The little-known ISA rule
Did you know that you can inherit ISA savings? New rules initially came into force in April 2015, and were updated in April 2018, that effectively mean ISA assets can now be passed on to spouses or civil partners and retain their tax-friendly status.
Under the previous system, when someone died any savings held in an ISA automatically lost their tax-free status, and the tax benefits were lost forever. This meant that the surviving partner would have to start paying tax on any returns or income earned from these savings and investments, which could add up to a significant sum if the ISA holder had been saving for many years.

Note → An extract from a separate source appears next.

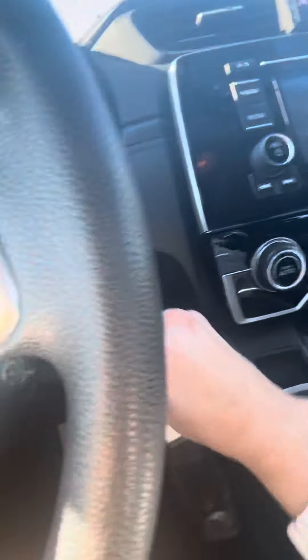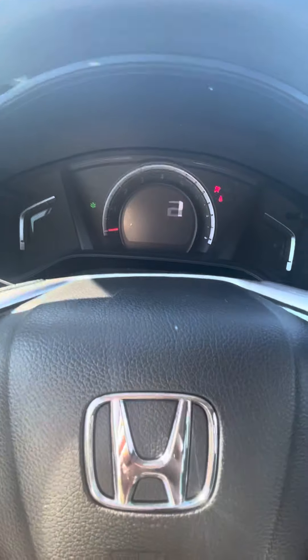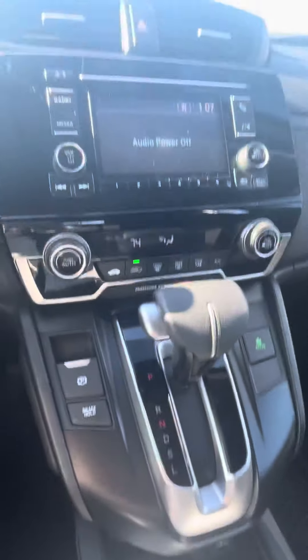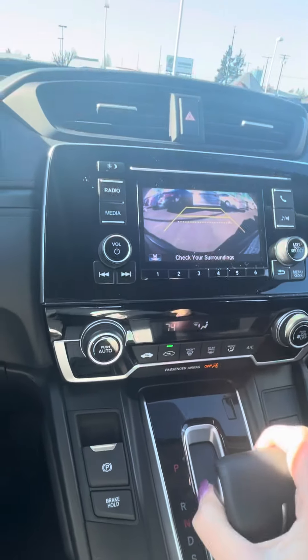Very nice, clean interior. Turn it on. Looks like you get a digital speedometer. Pop it under reverse — you get a backup camera.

This allowance is called the Additional Permitted Subscription (APS) and is available to a surviving spouse or civil partner. Essentially, the rules mean that the tax-efficiency of the deceased’s ISA won’t be lost when the surviving partner makes use of their APS allowance, and that they’ll continue to benefit from the tax efficiencies of the investments that could well have been saved together.
In the event of death after 5 April 2018, the APS value is the higher of value of the deceased’s ISA holdings at either date of death, or at completion of the estate administration or earlier closure. APS counts as a previous year ISA subscription and is available to the surviving partner on top of their own allowance. Where the deceased held ISAs with a number of different managers the widowed partner will have APS limits with each manager.
This change in rules has opened up a new world of possibilities in financial planning, particularly around retirement and estate planning. Even at modest levels, this additional allowance can save significant tax for the surviving spouse or civil partner.